Bloomberg tarafından derlenen gemi takip verilerine göre, Rusya’nın stratejik limanı Novorossiysk’ten yük alan en az iki dev tanker, Boğazlar’a ulaşmak için denizin ortasından geçen kısa rotayı terk etti. Bunun yerine, saldırı ihtimalini minimize etmek amacıyla Gürcistan ve Türkiye kıyılarını takip eden çok daha dolambaçlı bir güzergah izlenmeye başlandı.

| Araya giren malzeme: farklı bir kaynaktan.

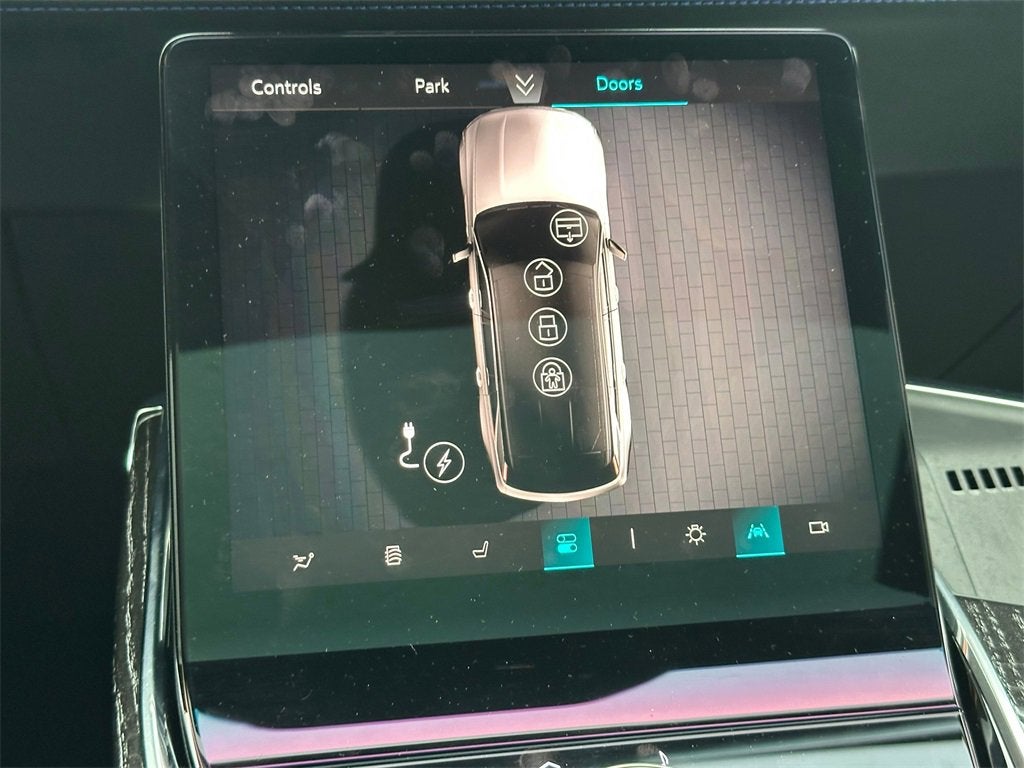 2025 Cadillac ESCALADE IQ Luxury 1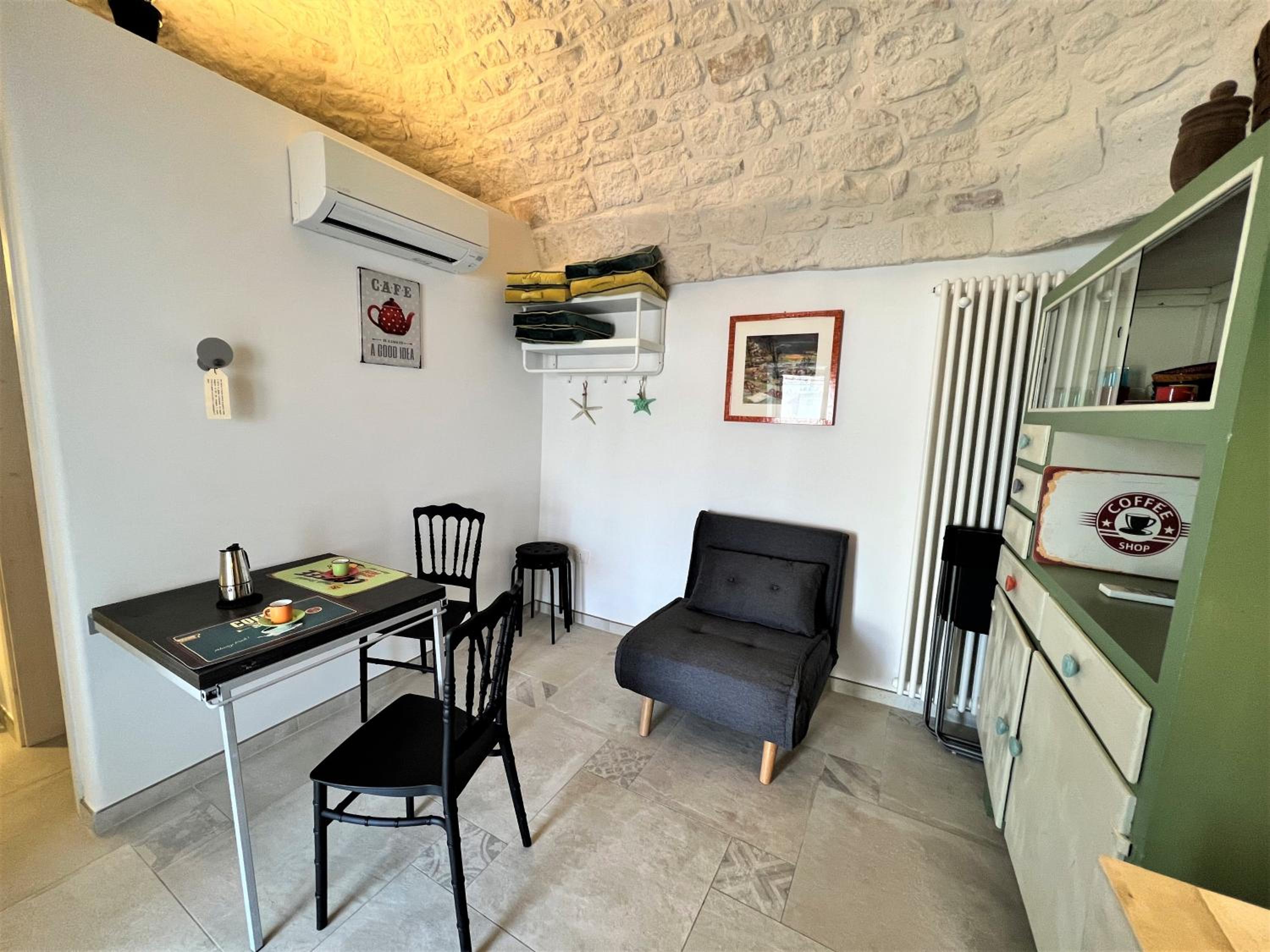 One-Bedroom House photo 3
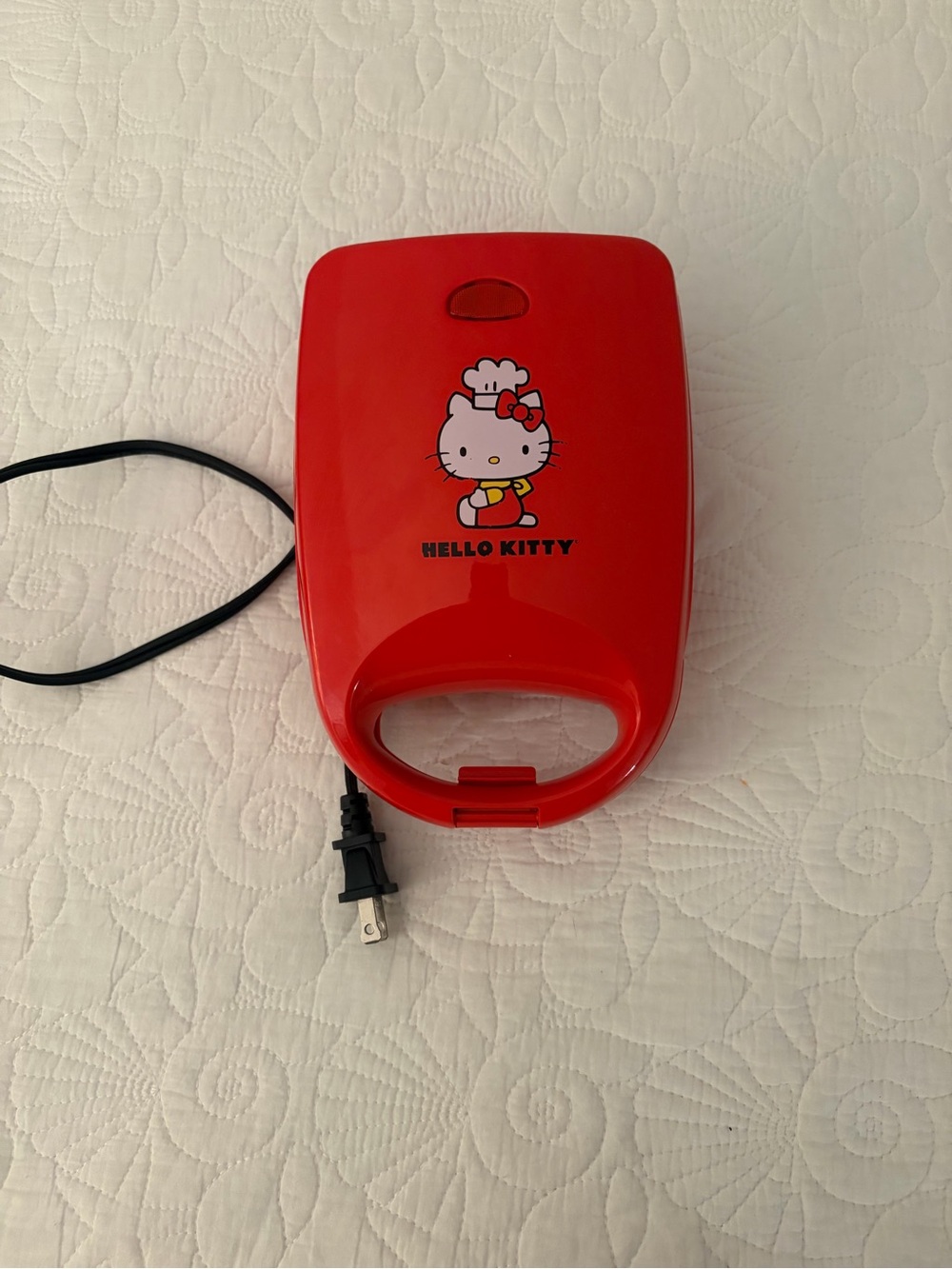 Hello Kitty Red Compact Panini & Sandwich Press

YOL YÜZDE 70 UZADI: 350 MİLLİK SAPMA
Uzmanlar, bu zorunlu rota değişikliğinin maliyetli bir güvenlik önlemi olduğuna dikkat çekiyor. Normal şartlarda Karadeniz’in merkezinden yapılan hızlı geçişin yerini alan bu yeni güzergah, liman ile Türk Boğazları arasındaki mesafeyi yaklaşık 350 mil artırıyor. Bu durum, sevkiyat süresinin uzaması ve operasyonel maliyetlerin %70 oranında artması anlamına geliyor.
DİJİTAL SİNYALLERDE "KONUM" OYUNU
Haberin en çarpıcı detaylarından biri ise gemilerin paylaştığı dijital konum verilerindeki tutarsızlıklar oldu.
Savaşın derinleşmesiyle birlikte Rusya bağlantılı sevkiyatlarda yaygınlaşan "sahte sinyal" yöntemi, bu tankerlerde de gözlemlendi. Bloomberg tarafından incelenen uydu görüntüleri, Çarşamba günü en az bir tankerin dijital olarak bildirdiği noktadan tam 4,4 deniz mili uzakta olduğunu kanıtladı.
SAHİBİ BELİRSİZ GİZEMLİ GEMİ: JUMBO
Fiziksel özelliklerinden yola çıkılarak tespit edilen geminin Sierra Leone bayrağı taşıyan "Jumbo" adlı petrol tankeri olduğu belirlendi. Ancak geminin sigortacısı veya gerçek sahibi hakkında uluslararası kayıtlarda hiçbir bilginin bulunmaması, "hayalet filo" şüphelerini bir kez daha gündeme getirdi.